Looks good to me. Let's see how we do on the whole shebang. 

In [14]:
abbrev_characters = []
for line in othello_lines[38:]:
    if line[:2] == '  ':
        if line[2:4] != '  ':
            temp_character = line.split('.')[0].strip()
            abbrev_characters.append(temp_character)

This is probably pretty big because we're double counting characters. But remember, we can look at only the unique items pretty easily. 

In [15]:
print(len(abbrev_characters))
print(set(abbrev_characters))

1183
{'FIRST MUSICIAN', 'Retires', 'SECOND GENTLEMAN', 'Faints', 'Exeunt', 'MESSENGER', 'FOURTH GENTLEMAN', 'LODOVICO', 'RODERIGO', 'THIRD GENTLEMAN', 'BIANCA', 'FIRST GENTLEMAN', 'MONTANO', 'FIRST OFFICER', 'IAGO', 'EMILIA', 'DESDEMONA', 'DUKE', 'CASSIO', 'SECOND SENATOR', 'GENTLEMEN', 'OTHELLO', 'GRATIANO', 'BRABANTIO', 'SAILOR', 'FIRST SENATOR', 'ALL', 'HERALD', 'CLOWN'}


That looks pretty good, but the capital letter thing gives us a little more information that might be relevant. 

In [16]:
abbrev_characters = []
for line in othello_lines[38:]:
    if line[:2] == '  ':
        if line[2:4] != '  ': 
            temp_character = line.split('.')[0].strip()
            if temp_character.upper() == temp_character:
                abbrev_characters.append(temp_character)

In [17]:
print(set(abbrev_characters))
print(len(set(abbrev_characters)))
print(len(character_list))

{'CLOWN', 'SECOND GENTLEMAN', 'MESSENGER', 'FOURTH GENTLEMAN', 'LODOVICO', 'RODERIGO', 'THIRD GENTLEMAN', 'BIANCA', 'FIRST GENTLEMAN', 'MONTANO', 'FIRST OFFICER', 'IAGO', 'EMILIA', 'DESDEMONA', 'DUKE', 'CASSIO', 'SECOND SENATOR', 'GENTLEMEN', 'OTHELLO', 'GRATIANO', 'BRABANTIO', 'SAILOR', 'FIRST SENATOR', 'ALL', 'HERALD', 'FIRST MUSICIAN'}
26
15


Probably (certainly) not perfect, but good enough to move on. Let's not lose sight of the prize. We want to extract the dialogue for each character!

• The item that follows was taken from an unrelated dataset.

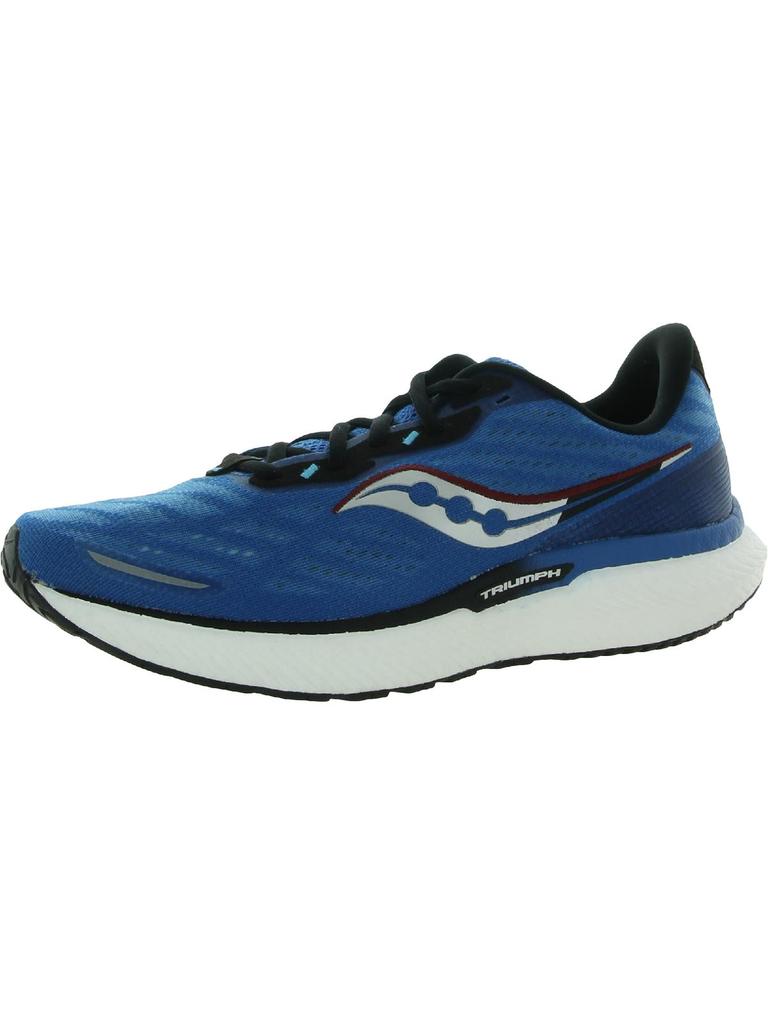 Triumph 19 Mens Fitness Performance Running Shoes商品第1张图片规格展示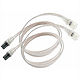 Cablu de cuplare Thermic EXTENSION CORD 80cm (1 pair)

**Exercise:** Our first step towards analyzing Othello was to extract out the Othello specific text from the complete works file, which we did in a pretty arbitrary way to make our lives easier. How would you do it in an automated fashion? Specifically, read the following file and return a _list_ containing the names of every play within the file. 

In [None]:
complete_works = open('../Data/Shakespeare.txt').readlines()
play_list = []
###Your code here


**Exercise:** How well does the code that we wrote above work on Hamlet? Romeo and Juliet?